2. The method according to claim 1 wherein the step of generating a final video signal by replacing in the video signal, the video sequences showing the first person by the synthetized video signal showing the second person, comprises the further step of:

adding, modifying, cancelling one or a plurality of the video sequences not showing the first person.

3. The method according to claim 1 wherein the step of generating a final audio signal by replacing in the audio signal, the audio sequences corresponding to the speech recited by the first person in the first language by the synthetized audio signal corresponding to the speech translated into the second language; comprises the further step of:

adding, modifying, cancelling one or a plurality of the audio sequences not corresponding to the speech recited by the first person.

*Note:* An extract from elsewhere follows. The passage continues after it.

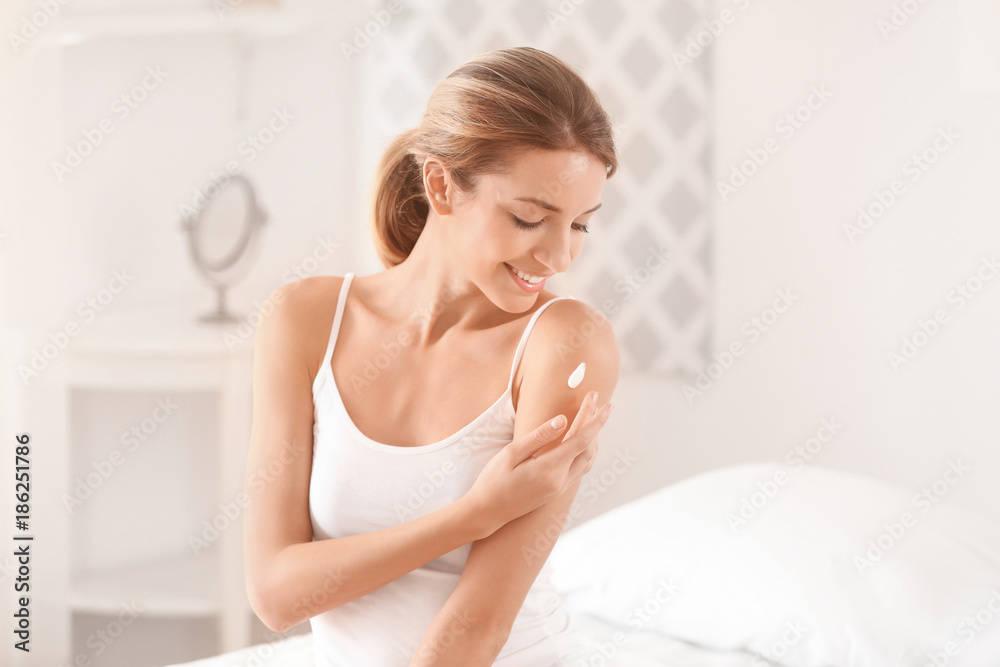 Young woman applying body cream at home - obrazy, fototapety, plakaty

4. The method according to claim 1 wherein:

the television program is a news program;

said first person and said second person are newscasters.

5. The method according to claim 1 wherein the steps of:

identifying in the audio signal: audio sequences corresponding to the speech of the first person; other audio signals;

generating from the audio signal text corresponding to the speech of the first person;

generating time stamps corresponding to the identified audio sequences;

are performed by means of a broadcast news transcription system.

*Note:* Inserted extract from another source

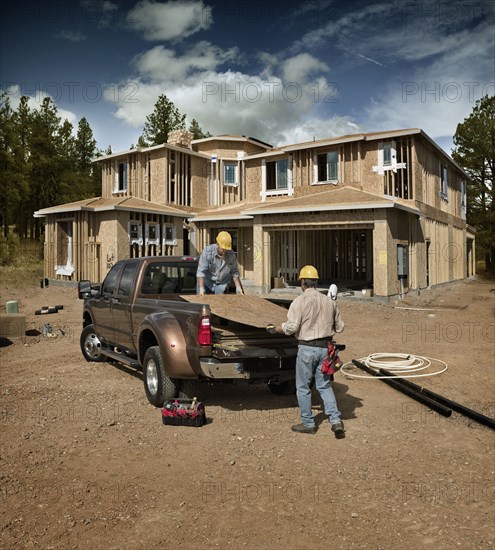 Construction workers carrying plywood on site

6. The method according to claim 1 wherein the step of translating into the second language, the text corresponding to the speech of the first person, is performed by means of an automatic machine translation system based on a language model.

7. The method according to claim 1 wherein the step of generating from the translated text:

a synthesized audio signal corresponding to the speech translated into the second language;

a synthesized video signal showing the second person;

is performed by means of an audio-visual text-to-speech synthetizer.

8. The method according to claim 1 comprising the preliminary step of:

receiving a command selecting a second language and a second person.

9. The method according to any one of the preceding claims comprising the further step of:

broacasting the final audio/video signal.

10. The method according to claim 1 comprising the further step of:

broadcasting the final audio/video signal to television viewers who have selected said second person and said second language.

11. A system comprising means adapted for carrying out the steps of the method according to claim 1.

12. The system according to claim 11 wherein said system receives the audio/video signal from a broadcast studio and send the final audio/video signal to a broadcast station.

13. The system according to claim 11 wherein said system receives the original audio/video signal from a television receiver and send the final audio/video signal to a television set.

14. A computer program comprising instructions for carrying out the method according to claim 1, when said computer program is executed on a computer system.